A very stubborn area of high pressure is parked in the southeastern U.S. And it won't budge! That high pressure is blocking a front from moving eastward. The front has now stalled over the central U.S. There is plenty of moisture surging northward from the Gulf of Mexico. Where the front and the moisture interact, the result is rain, Lots of Rain!
Look at the next four graphics below. The front is aligned along an axis from the southwest to the northeast. Over the next few days, the front may wobble a little bit, but it basically stays in the same place until Tuesday! The rain will continue to fall over some of the very same areas, on and off, for the next four days. This could lead to some pretty impressive rain totals.
Look closely at the graphic above. It represents rain totals through Tuesday night.

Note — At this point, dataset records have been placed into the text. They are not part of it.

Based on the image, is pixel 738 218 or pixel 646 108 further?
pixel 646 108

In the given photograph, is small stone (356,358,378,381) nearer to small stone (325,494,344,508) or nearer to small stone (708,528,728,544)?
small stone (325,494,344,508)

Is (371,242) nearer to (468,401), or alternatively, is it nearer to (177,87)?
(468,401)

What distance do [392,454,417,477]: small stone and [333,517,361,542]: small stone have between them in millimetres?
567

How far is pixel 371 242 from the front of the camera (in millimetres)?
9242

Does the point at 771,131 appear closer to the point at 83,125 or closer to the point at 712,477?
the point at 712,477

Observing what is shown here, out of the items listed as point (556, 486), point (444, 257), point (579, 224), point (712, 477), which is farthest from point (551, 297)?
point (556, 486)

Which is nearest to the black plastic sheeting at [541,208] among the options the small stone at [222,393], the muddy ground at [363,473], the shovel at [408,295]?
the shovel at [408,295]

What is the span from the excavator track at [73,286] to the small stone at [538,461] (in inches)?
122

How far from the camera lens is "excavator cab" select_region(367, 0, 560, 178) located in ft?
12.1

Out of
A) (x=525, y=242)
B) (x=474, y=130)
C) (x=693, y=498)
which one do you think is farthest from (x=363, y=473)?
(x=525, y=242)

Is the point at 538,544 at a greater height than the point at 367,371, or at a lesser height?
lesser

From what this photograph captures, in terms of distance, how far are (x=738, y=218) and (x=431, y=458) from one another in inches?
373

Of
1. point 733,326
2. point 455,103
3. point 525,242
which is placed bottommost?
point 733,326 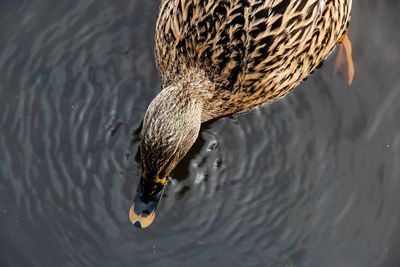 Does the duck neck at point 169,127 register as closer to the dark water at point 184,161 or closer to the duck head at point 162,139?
the duck head at point 162,139

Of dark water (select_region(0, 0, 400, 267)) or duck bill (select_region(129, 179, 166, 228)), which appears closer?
duck bill (select_region(129, 179, 166, 228))

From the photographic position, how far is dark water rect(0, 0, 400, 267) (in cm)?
503

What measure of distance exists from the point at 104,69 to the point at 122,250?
51.4 inches

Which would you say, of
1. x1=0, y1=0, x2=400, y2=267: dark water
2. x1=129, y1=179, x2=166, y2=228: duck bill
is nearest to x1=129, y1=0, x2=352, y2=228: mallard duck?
x1=129, y1=179, x2=166, y2=228: duck bill

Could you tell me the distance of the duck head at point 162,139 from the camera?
429cm

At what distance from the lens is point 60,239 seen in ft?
16.5

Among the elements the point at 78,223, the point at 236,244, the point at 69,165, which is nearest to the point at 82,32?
the point at 69,165

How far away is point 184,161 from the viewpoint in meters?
5.07

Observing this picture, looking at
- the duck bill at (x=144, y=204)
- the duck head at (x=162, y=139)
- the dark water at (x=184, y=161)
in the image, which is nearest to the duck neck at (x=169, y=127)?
the duck head at (x=162, y=139)

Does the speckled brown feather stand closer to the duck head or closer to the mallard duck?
the mallard duck

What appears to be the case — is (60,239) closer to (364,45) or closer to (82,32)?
(82,32)

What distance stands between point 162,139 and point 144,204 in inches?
22.2

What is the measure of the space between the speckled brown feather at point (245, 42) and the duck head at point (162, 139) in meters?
0.19

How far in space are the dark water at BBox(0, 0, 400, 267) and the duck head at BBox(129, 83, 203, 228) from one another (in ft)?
1.26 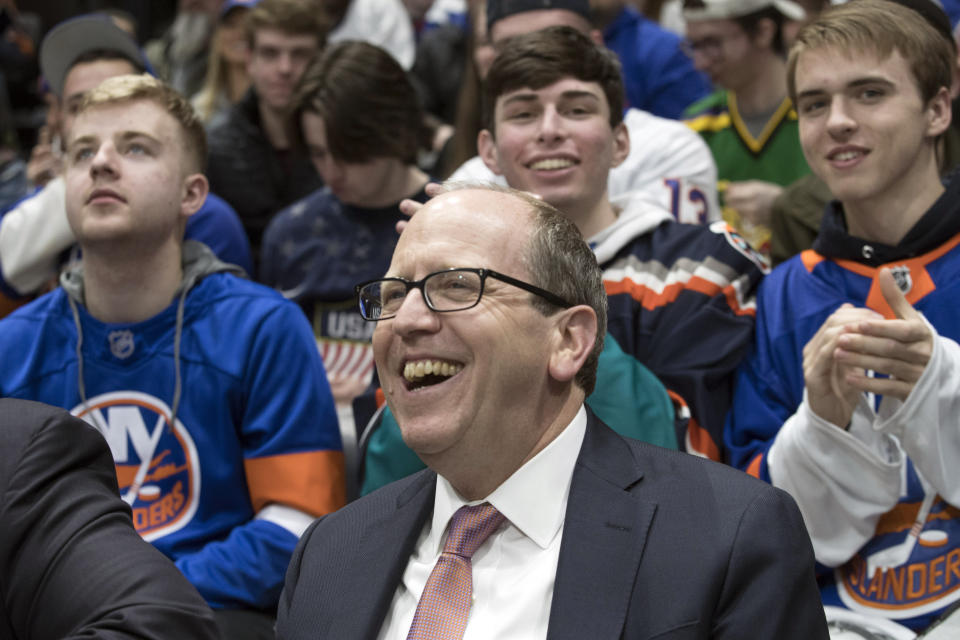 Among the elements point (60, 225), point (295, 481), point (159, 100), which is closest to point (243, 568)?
point (295, 481)

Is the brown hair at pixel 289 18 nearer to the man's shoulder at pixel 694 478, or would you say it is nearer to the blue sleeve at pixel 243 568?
the blue sleeve at pixel 243 568

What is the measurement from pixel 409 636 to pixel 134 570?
0.46m

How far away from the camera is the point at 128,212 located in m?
2.84

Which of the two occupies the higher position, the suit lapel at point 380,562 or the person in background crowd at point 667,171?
the person in background crowd at point 667,171

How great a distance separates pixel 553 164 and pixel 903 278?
2.93 feet

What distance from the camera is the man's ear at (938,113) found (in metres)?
2.72

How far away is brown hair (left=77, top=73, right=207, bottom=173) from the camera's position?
2.96m

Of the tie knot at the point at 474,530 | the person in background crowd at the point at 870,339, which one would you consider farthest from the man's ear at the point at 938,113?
the tie knot at the point at 474,530

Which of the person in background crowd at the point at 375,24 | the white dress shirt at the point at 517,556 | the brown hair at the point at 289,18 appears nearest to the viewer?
the white dress shirt at the point at 517,556

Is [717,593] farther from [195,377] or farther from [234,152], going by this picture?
[234,152]

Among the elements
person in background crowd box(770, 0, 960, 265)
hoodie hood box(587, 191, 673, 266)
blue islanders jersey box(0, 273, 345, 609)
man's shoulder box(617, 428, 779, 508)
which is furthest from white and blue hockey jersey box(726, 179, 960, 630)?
blue islanders jersey box(0, 273, 345, 609)

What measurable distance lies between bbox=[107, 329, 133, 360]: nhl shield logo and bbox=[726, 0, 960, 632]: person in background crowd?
1.42 meters

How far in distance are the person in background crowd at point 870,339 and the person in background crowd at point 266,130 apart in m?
2.16

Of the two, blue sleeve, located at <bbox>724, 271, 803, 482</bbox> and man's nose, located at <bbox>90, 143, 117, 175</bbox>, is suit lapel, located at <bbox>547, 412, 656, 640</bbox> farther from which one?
man's nose, located at <bbox>90, 143, 117, 175</bbox>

The white shaded areas indicate cumulative rainfall totals of more than 6 inches of rain. West Texas, western Oklahoma, and Kansas could see the most amount of rain over the next four days. Hopefully, the rain will be spread out over enough time that flooding won't happen. However, isolated flooding is certainly a possibility. The Excessive Rainfall Outlook below shows a corridor of heavy rain from west Texas, all the way into portions of Minnesota and Wisconsin.
There's a lot of energy with this system. So severe weather will also be possible along the frontal zone. Storms will be capable of producing high winds in excess of 58 mph. Damaging hail, an inch in diameter or larger, will also be a threat with some of the thunderstorms. And along with the soaking rain, the severe weather threats will continue in some of the same areas for the next four days! The afternoons and early evenings have the highest risk of severe storms.
By Wednesday, the blocking high will start breaking down, and the front will begin sliding off to the east. This will end the cycle of soaking rain and severe thunderstorms over the same areas. But until then, if you're in the central U.S., hang in there. The next few days could be a rather soggy, and at times, bumpy ride.